When we get data about these things, how can we apply some ruling or algorithms to actually sort of stitch these things together? I may even come in with more than one wallet because I surely would have a personal and business wallet, but I still may have a relationship to the same company. And in different relations, which need to be treated correctly because my business persona, I'm different, I'm acting different. On the other hand, I might want to have some overlap between this. And this is clearly what graph and this technology enables in a much smarter way than we can do without that.
So at the end of the day, I think what I take as a learning is that a lot of things you're doing really enable organizations to better deal with the identities they have to serve. And these are not only humans, these are different types of identities, also the, so to speak, Silicon identities of things and so on. They potentially also help to deal better with complex things, because a vehicle is not one thing. A vehicle is an amalgamation of a lot of things with different identities, with a lot of complex relationships.
And I think you can do a ton of smart thing, but maybe in the interest of time, we have only a few minutes left. I want to pick at least one or two more questions. You mentioned AI on one of your slides. So what are you doing with AI? How does AI play into this? So what we are doing sort of currently, soon to be delivered, the first aspect is that we're going to tie like a user behavior risk scoring based on the authorization engine that we provide.
So in that case, we more or less generate fingerprinting out of user behavior and can send and compare fingerprints of those sessions and be able to sort of derive, here is a user starting to behave differently. That is one of the aspects we are using. We also want to be able to, as you know, ingestion of data, because that is sort of crucial to what we do. In order to build this knowledge graph, we might want to say that what happens if the ingestion feeding, the streaming of data actually starts to deviate. That is another aspect of this.
The third one was the identity stitching, and there is more coming to this because as we know, the semantic description of this database fulfills or helps even sort of great to build an AI on top of it in a quite simple way. But this is where we are focusing our efforts right now. Yeah. Okay. Final question we can take. There was a connected data slide. And the question is, is the schema ontology you showed your point of view on identity or just a presentation of what one schema sample of one schema could look like? If I get the question right, it was a sample. Yes.
The whole identity knowledge graph is what we call schema-less. It is up for the customers to define any model that they want. There is no representation of a profile of an identity of a car or something like that. It is completely empty, hence give a lot of flexibility to actually sort of build out use cases. And I just can sort of give the recommendation to everyone, play a bit around, learn a bit about graph databases. This is really a smart thing because it allows you to combine data in a very elegant and very smart manner, very flexible manner.

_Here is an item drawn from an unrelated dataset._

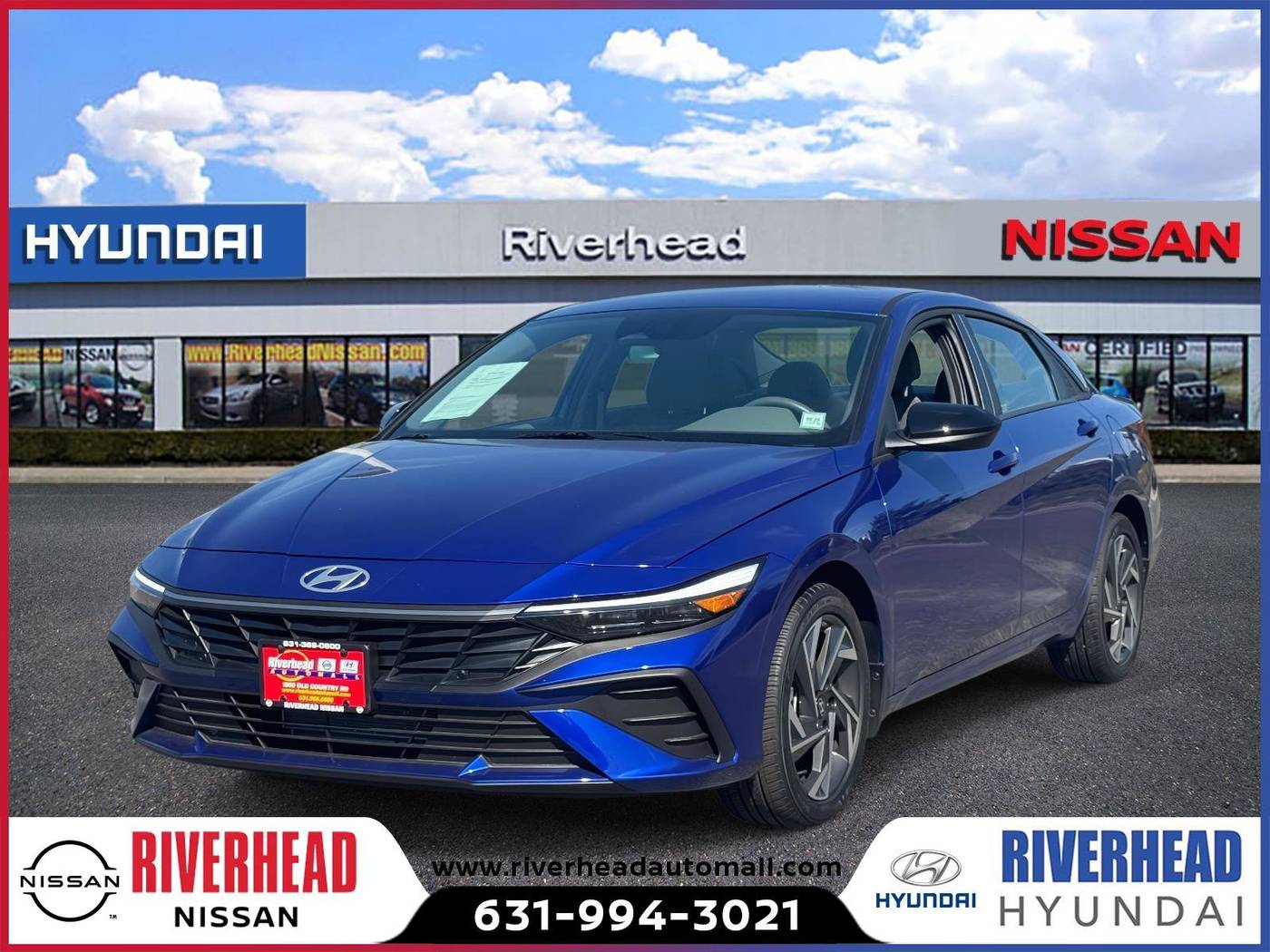 2025 Hyundai Elantra SEL Sport — Sedan — 2,632 mi — Riverhead, NY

So this is really something which is worth to at least gain a bit of a basic understanding of once we are done with the time, we still would have quite a number of questions. So thank you to the audience. We do it again, probably. Thank you to the audience for asking all these questions.
Super, super helpful. Makes it very interesting.
Thank you, Mans, for all your insights and thank you to Indieguide for supporting this Google Analysts webinar. And I hope to have you soon back at one of our other webinars or see you in Berlin in June at our European Identity Conference, which is definitely the place to be in identity. Thank you. Thank you.